27/03/2020 A: Prakash Pimparkar, Environmental Consulting Services , prakash.pimparkar@yahoo.in
This will depend upon the extent of treatment you need to give to the crude oil. It depends upon the quality or source of crude. Crude oils are broadly classified as light, heavy, sweet or sour. Light crude will give high amount of light fuels such as LPG, Naphtha, Gasoline, Diesel gas oil, and residue( 25 -35 %); heavy crude will have higher amounts of residue ( 35 -45 %). Sour crude will have high sulfur ( > 3 % ) sweat ( < 1 ). AS most countries have adapted stringent Sulfur ( < 10 ppm ) Aromatics ( Benzene < 100 ppm ) ) Olefins ect extensive treatment is needed irrespective of type. Heavy and sour crude need specific treatments such as Hydro Cracking ( to get more diesel ) and FCC ( to get more Gasoline ) and treatment ( to remove sulfur and nitrogen and to increase Diesel/ Gasoline production.A viable refinery would have the following units almost universally: CDU,VDU,LPG wash LPG Merox,Naptha Hydrotreater , Gasoline hydrotreater ,Hydrocraqcker or FCC Gas oil Hydrotreater, Delayed coker or Residue Hydrocracker or Residue gasification.

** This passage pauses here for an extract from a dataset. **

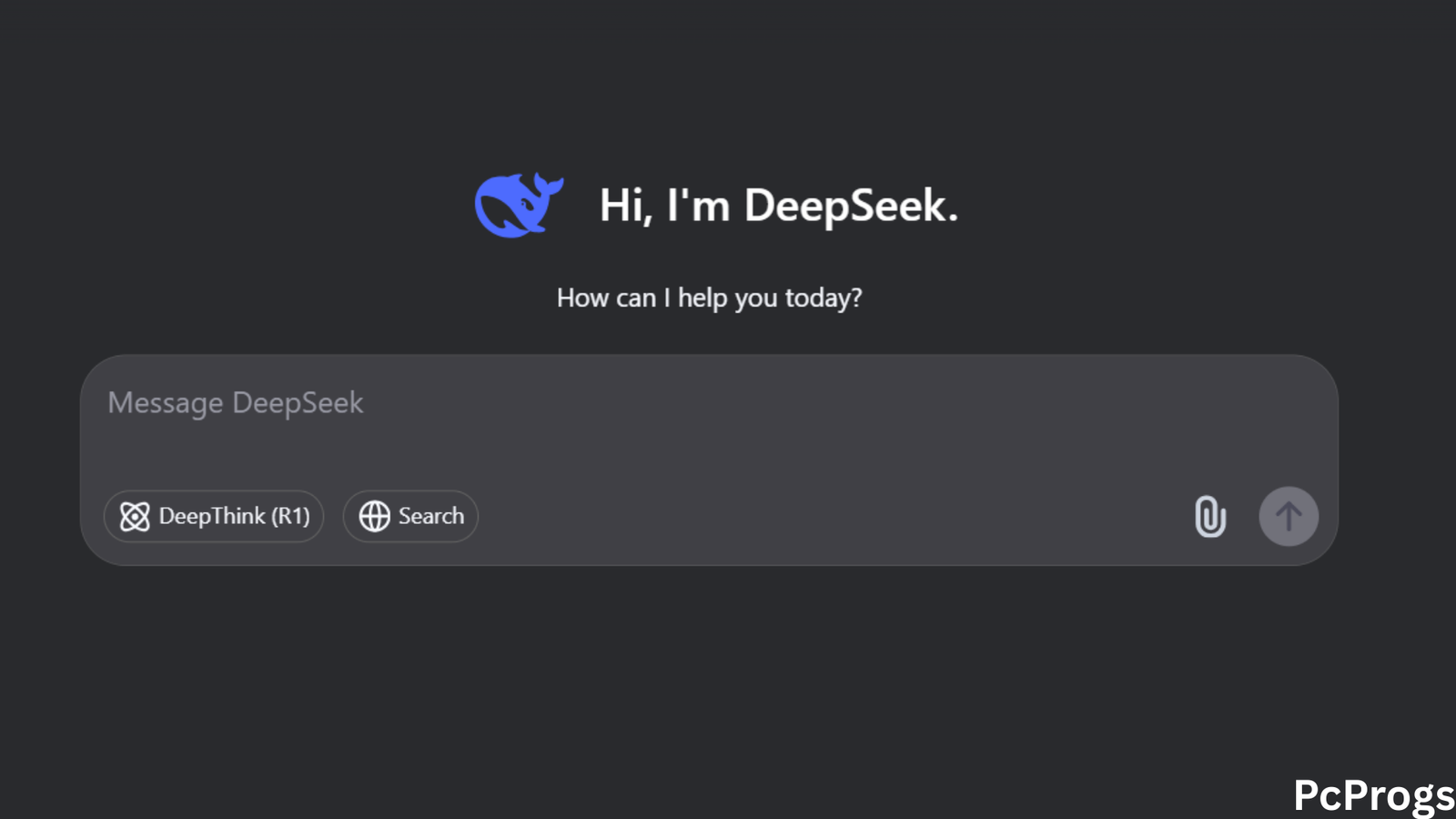 DeepSeek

There are other and selective processing units specific to needs.There are utility and offsites. There are Crude receipt. (Port / Jetty/ SPM) storage faciities and product tank farm. So Processing alone would cost you anywhere between $35 to $45 per barrel . To know exactly, you need the exact crude composition and product specifications and overall processing capacity. This is an elaborate excercise and will itself cost you good money . Best of Luck
26/03/2020 A: Eric Vetters, ProCorr Consulting Services, ewvetters@yahoo.com
Totally depends on refinery size, location, configuration, and type of feedstock being processed. Your best shot is to configure some different types of hypothetical refineries processing some benchmark crudes, then build out your operating cost ranges based on totaling up costs of the different individual units in the hypothetical refineries. You could then apply some location factors. For instance gas price for a USGC refinery is going to be a lot less than a refinery in India burning LNG or LPG for fuel. The result will be a very wide range. Not sure how useful the info would be.
26/03/2020 A: Lindsay McRae, Pall Corporation, Lindsay_McRae@pall.com
Typical refinery margin is in the region of say $2 to $6 per barrel depending on the size and complexity of a refinery. More complex refineries tend to be more profitable as they take heavier and cheaper feedstocks and convert them to the market demand for transportation fuels and feedstocks to petrochemicals plants . So if a barrel of crude costs say $50 and there is a $5 overall margin then profit is $5 and cost is $45 in that example.